Skip to content

GOST 2.1 Remote Port Forwarding

Original post: https://groups.google.com/g/go-gost/c/_-akAbTe3ho.

The previous post covered local port forwarding. This one covers remote port forwarding.

GOST's remote port forwarding is similar to SSH's -R option. Like local port forwarding, it supports UDP and forwarding chains.

Using the same scenario:

Three machines: local_host, proxy_host, remote_host

  • local_host can access proxy_host and remote_host.
  • proxy_host cannot access local_host or remote_host.
  • remote_host can access local_host.

proxy_host <- local_host <-> remote_host

Note that communication between proxy_host and local_host is one-way — local_host is behind a firewall.

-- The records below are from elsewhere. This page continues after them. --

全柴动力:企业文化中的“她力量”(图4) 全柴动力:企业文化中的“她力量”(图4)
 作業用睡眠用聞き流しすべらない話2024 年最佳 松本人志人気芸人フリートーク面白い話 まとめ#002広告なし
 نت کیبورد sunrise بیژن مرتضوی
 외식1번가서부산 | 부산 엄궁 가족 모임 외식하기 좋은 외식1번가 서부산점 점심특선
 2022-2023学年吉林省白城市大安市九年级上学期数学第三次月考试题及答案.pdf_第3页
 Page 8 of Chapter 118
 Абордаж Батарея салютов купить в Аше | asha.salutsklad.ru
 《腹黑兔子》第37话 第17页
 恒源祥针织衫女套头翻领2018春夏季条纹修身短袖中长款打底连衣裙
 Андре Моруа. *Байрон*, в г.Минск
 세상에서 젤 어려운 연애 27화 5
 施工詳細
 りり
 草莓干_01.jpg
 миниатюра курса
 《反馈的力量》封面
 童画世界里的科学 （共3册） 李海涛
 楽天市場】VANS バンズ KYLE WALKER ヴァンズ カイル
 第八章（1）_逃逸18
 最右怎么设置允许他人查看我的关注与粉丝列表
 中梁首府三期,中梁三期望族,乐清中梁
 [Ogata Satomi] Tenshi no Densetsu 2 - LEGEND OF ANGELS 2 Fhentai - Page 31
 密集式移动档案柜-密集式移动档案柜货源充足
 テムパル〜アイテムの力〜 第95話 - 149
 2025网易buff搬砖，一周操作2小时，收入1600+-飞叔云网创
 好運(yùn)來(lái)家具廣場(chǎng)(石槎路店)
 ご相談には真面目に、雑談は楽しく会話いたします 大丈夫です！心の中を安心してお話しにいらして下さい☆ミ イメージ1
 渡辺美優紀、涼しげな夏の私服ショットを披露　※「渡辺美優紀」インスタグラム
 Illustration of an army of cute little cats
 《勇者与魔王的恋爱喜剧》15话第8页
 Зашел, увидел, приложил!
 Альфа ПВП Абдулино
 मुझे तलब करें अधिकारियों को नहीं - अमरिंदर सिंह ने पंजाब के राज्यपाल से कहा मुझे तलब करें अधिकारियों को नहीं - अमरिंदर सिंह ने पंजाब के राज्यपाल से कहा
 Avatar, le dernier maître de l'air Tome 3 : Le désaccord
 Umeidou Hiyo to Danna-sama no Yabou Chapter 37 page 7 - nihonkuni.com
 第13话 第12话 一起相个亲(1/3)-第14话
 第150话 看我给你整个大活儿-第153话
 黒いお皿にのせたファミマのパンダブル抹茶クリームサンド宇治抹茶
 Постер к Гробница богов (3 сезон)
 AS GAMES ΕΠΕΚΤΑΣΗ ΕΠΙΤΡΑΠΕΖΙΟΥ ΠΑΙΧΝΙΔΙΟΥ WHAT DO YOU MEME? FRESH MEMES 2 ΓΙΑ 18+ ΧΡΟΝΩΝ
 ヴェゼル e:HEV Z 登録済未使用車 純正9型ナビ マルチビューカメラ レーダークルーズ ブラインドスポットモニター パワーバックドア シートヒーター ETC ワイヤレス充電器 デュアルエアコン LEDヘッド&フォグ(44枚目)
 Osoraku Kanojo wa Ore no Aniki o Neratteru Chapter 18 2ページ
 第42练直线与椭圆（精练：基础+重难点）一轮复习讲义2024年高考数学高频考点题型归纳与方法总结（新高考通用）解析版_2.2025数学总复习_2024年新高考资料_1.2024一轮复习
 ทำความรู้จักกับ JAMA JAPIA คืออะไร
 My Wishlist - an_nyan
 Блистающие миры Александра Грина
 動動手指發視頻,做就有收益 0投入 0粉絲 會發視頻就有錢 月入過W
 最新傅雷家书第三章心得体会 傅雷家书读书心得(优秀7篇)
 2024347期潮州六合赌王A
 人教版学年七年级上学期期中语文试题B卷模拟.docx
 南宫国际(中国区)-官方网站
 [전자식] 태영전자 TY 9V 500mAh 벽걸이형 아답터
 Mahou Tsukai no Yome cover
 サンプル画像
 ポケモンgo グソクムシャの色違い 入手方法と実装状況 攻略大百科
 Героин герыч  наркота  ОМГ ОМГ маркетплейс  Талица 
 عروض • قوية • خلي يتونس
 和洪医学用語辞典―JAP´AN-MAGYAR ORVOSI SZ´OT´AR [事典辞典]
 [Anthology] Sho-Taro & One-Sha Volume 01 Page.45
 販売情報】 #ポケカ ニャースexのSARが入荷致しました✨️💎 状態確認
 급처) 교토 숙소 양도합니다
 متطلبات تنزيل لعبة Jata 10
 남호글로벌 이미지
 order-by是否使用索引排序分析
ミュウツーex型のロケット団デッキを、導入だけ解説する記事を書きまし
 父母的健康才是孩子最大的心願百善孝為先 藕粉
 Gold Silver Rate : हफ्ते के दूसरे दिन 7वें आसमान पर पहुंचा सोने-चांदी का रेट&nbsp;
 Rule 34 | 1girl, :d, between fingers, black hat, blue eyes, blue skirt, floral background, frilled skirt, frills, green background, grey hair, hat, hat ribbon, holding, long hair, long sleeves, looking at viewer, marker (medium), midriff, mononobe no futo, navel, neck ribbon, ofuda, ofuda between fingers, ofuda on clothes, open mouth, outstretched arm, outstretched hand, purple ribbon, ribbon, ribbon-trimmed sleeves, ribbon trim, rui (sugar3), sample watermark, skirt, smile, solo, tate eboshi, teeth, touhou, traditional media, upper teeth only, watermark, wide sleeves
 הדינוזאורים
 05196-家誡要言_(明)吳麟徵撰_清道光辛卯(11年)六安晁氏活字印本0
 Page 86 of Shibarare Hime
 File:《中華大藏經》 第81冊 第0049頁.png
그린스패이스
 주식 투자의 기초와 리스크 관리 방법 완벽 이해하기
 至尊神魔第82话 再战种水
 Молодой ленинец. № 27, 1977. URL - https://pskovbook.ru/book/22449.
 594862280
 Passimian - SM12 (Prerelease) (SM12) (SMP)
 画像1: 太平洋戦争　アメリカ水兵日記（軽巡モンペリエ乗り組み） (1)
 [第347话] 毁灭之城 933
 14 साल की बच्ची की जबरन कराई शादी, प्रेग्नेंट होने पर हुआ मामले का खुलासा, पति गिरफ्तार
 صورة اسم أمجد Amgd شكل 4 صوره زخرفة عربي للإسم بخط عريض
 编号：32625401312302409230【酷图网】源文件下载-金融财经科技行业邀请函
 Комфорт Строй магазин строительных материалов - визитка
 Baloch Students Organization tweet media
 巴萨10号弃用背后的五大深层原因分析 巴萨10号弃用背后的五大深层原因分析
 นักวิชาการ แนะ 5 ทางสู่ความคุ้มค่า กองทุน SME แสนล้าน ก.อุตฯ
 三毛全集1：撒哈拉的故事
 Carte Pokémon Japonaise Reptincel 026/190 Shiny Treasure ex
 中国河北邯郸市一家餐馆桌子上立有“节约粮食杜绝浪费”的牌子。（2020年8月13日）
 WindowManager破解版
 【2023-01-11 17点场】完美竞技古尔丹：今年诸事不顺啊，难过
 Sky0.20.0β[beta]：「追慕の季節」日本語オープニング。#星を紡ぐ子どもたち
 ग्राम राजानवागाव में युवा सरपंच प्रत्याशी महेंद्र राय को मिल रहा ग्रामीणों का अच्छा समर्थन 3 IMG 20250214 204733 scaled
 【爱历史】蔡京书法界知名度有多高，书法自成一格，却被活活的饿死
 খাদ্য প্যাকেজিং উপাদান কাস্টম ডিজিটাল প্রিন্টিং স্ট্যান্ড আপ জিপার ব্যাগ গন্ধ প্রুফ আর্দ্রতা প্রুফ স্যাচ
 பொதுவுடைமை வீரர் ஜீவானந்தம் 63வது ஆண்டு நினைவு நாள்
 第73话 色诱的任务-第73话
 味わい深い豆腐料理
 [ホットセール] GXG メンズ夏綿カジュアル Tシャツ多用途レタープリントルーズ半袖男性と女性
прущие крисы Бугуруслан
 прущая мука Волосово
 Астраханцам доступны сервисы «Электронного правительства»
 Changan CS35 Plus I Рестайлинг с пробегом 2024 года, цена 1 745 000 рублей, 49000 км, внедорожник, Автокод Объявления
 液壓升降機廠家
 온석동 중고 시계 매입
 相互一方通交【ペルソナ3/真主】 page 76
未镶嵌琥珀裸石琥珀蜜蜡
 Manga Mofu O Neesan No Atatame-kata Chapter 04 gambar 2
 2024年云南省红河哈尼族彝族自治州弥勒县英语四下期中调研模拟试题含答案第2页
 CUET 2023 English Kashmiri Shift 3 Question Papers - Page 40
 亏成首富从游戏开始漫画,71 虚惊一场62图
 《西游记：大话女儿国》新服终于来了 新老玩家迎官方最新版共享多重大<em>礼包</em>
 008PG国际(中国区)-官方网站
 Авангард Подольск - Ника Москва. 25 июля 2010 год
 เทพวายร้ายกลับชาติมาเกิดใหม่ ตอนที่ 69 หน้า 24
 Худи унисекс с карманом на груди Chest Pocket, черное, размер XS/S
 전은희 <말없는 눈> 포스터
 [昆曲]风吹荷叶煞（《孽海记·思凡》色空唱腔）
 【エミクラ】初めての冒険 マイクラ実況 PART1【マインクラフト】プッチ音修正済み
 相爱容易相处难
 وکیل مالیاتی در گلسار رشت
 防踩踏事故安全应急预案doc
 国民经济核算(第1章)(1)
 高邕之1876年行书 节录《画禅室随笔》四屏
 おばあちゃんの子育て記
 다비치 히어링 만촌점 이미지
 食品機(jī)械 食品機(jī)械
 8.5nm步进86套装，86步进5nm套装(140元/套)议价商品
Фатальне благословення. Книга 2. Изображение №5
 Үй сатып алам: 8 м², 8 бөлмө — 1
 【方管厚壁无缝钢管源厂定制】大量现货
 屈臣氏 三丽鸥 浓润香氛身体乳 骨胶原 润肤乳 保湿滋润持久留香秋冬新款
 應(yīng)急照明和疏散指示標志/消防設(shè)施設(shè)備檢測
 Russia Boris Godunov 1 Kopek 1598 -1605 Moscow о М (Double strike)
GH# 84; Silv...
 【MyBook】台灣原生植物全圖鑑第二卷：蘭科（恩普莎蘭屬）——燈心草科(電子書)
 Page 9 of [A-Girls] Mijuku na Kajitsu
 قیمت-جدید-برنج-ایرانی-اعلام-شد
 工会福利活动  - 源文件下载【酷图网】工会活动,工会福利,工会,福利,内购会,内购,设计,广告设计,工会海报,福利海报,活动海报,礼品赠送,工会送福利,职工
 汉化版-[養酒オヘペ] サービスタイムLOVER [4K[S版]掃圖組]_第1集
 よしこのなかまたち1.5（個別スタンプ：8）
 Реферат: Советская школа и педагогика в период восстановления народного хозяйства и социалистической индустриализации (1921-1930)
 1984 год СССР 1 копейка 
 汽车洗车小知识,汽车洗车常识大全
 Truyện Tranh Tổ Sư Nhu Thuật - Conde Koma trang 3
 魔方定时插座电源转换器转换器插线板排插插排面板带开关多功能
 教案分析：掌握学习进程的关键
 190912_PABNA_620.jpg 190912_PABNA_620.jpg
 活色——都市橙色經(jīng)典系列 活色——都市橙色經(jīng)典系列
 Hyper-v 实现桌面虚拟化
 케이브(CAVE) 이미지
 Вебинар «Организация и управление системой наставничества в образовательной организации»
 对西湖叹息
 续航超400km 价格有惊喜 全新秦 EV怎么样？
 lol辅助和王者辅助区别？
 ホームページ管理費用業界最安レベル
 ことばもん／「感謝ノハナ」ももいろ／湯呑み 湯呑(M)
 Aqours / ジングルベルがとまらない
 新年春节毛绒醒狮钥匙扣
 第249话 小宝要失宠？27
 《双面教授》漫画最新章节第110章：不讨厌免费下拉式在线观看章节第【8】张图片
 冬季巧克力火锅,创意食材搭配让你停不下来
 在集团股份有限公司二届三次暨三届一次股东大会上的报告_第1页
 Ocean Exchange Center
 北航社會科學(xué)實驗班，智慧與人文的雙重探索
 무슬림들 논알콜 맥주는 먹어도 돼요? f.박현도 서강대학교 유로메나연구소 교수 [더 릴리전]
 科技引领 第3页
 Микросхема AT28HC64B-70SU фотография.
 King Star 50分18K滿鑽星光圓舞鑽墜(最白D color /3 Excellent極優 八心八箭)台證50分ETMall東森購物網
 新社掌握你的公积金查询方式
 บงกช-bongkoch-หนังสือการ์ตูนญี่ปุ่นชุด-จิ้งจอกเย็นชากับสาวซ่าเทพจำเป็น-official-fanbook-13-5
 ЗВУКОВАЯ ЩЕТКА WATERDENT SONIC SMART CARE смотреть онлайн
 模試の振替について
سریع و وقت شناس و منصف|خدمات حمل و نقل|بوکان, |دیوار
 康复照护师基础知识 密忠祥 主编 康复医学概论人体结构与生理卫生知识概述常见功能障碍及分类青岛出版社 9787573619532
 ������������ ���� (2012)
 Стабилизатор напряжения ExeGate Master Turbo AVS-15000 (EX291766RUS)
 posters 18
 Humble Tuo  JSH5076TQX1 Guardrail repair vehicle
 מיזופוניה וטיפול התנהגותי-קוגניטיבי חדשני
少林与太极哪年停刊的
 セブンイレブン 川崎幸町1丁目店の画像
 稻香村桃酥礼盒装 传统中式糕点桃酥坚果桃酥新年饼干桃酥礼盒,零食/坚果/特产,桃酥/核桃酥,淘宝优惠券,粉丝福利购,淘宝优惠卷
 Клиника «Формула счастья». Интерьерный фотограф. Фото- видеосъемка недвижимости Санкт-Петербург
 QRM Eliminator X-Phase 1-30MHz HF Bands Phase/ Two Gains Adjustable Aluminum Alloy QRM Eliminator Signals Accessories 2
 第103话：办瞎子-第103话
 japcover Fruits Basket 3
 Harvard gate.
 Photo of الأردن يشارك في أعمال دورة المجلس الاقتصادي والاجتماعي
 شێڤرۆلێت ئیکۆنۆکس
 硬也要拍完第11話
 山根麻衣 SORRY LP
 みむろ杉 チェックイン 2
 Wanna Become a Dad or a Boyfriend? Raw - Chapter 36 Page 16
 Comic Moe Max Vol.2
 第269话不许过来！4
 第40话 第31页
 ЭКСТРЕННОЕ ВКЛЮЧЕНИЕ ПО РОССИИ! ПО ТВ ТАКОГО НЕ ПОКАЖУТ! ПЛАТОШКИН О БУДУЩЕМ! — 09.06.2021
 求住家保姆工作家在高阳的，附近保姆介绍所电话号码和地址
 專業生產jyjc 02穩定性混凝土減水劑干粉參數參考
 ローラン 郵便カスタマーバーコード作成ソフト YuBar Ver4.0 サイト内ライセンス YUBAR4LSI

TCP Remote Port Forwarding

To SSH from proxy_host to remote_host, run this on local_host:

gost -L=rtcp://:2222/remote_host:22 -F=socks://proxy_host:1080

This assumes proxy_host has a GOST SOCKS5 proxy on port 1080. GOST connects to proxy_host through the chain and instructs it to listen on TCP port 2222. When you SSH to proxy_host:2222, it connects to remote_host:22:

ssh -p 2222 root@localhost

UDP Remote Port Forwarding

To access the DNS service on remote_host from proxy_host, run this on local_host:

gost -L=rudp://:5353/remote_host:53 -F=socks://proxy_host:1080

GOST connects to proxy_host through the chain and listens on UDP 5353. Sending UDP data to proxy_host:5353 forwards it to remote_host:53:

dig @localhost -p 5353 www.google.com

Note: TCP remote port forwarding uses the SOCKS5 BIND protocol, so the last hop must be SOCKS5. UDP remote port forwarding uses UDP-over-TCP, so the last hop must be GOST SOCKS5.